Waste Italia
- Industry: Environment
- Founded: 2000
- Headquarters: Milan, Italy
- Number of locations: Albonese, Bedizzole, Vado Ligure, Cavenago d'Adda, Cermenate, Chivasso, Collegno, Romagnano Sesia
- Key people: Giuseppe Maria Chirico
- Website: www.wasteitalia.it

= Waste Italia =

Waste Italia S.p.A. is a leading company in Italy in the environmental field that deals with collection, treatment and disposal of non-hazardous waste.

==Historical background==
Waste Italia was founded in 2000 by the acquisition by some Italian businessmen, including Pietro Colucci, of the American company Waste Management Inc.

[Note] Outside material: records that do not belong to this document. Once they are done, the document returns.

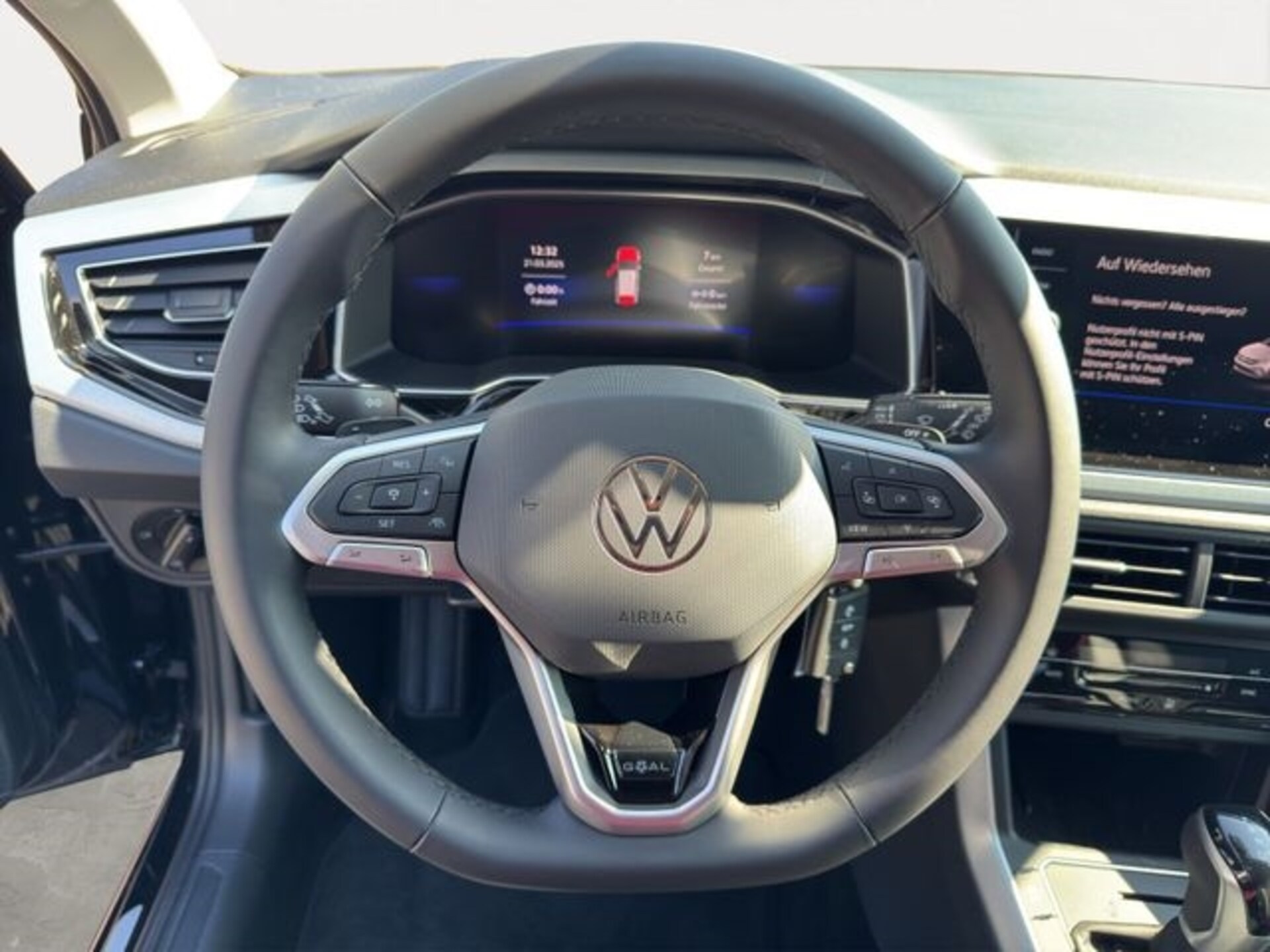 Volkswagen Taigo Goal
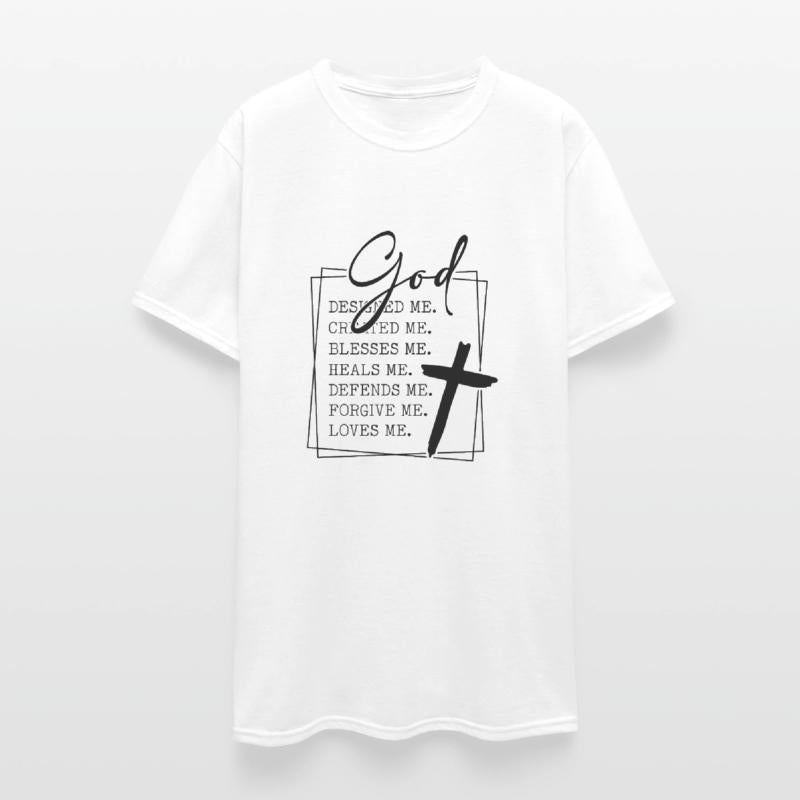 God Christian Religious Free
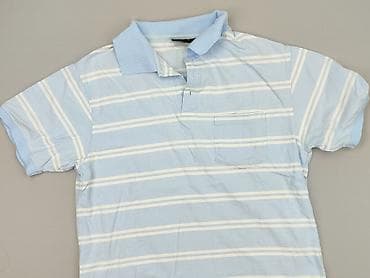 2pac shirts: Koszulka polo dla mężczyzn, rozmiar L — 1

In 2014 Waste Italia joined Kinexia SpA, through the reverse merger that led Kinexia to merge with Sostenya and its subsidiary Waste Italia.

==Certifications==
The company adopts an integrated quality and environmental management that meets international standards UNI EN ISO 9001 and ISO 14001, certified by ANCIS (National Association for the Certification and Quality Service Industry).

Waste Italia Corporate Social Responsibility implementation is carried out an organic way with the other companies of the Gruppo Waste Italia (formerly known as Kinexia), in order to integrate environmental activities with those on renewable energy.